Ok, that's a good start....now how about a pedicure? Manicure? Massage?

Good book? Good Movie? Concert? Sunday Drive along the Pacific coast?

Better yet, a weekend in Big Sur??

I've been through 3 divorces. All three husbands were good decent

men, I just had no business marrying any of them, and I went through all the

guilt and recriminations cause none of them wanted the divorce. They all

found companions who were MUCH better suited to them than I was and realized

a happiness they would not have had with me. I don't know your age, but

over the years I've become very self sufficient, realizing nobody is going to

take responsibility for me or take care of me, it is up to me to find my own

passion and happiness. I work like a crazy woman, at work I do love. And

then I live an exciting life that none of my friends can even understand.

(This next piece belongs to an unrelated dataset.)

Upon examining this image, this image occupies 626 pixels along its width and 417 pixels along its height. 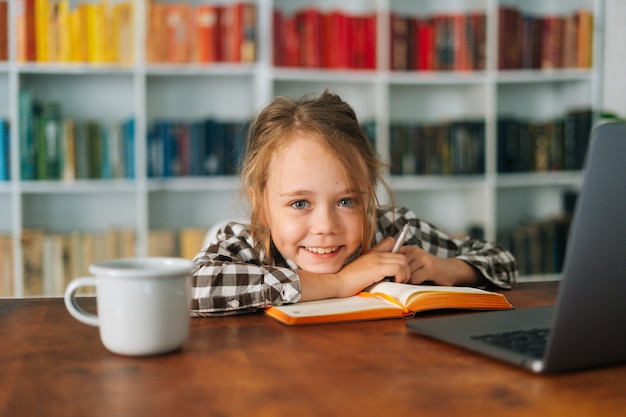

I take a long road trip every year, driving anywhere from 5 to 10 thousand

miles in a month's time. I go from Mexico to Canada, from the Atlantic to

the Pacific. Somedays the only thing I say all day is " do you have a non

smoking room? " I've stayed at the Plaza in NYC and a Motel 6 in Santa

all on the same trip. I don't know why, but that traveling has made me

stronger, wiser, calmer and more settled than anything I've ever done in my

life.

I think all that driving, isolation and natural beauty inspires much inner

reflection in the absence of external judgments.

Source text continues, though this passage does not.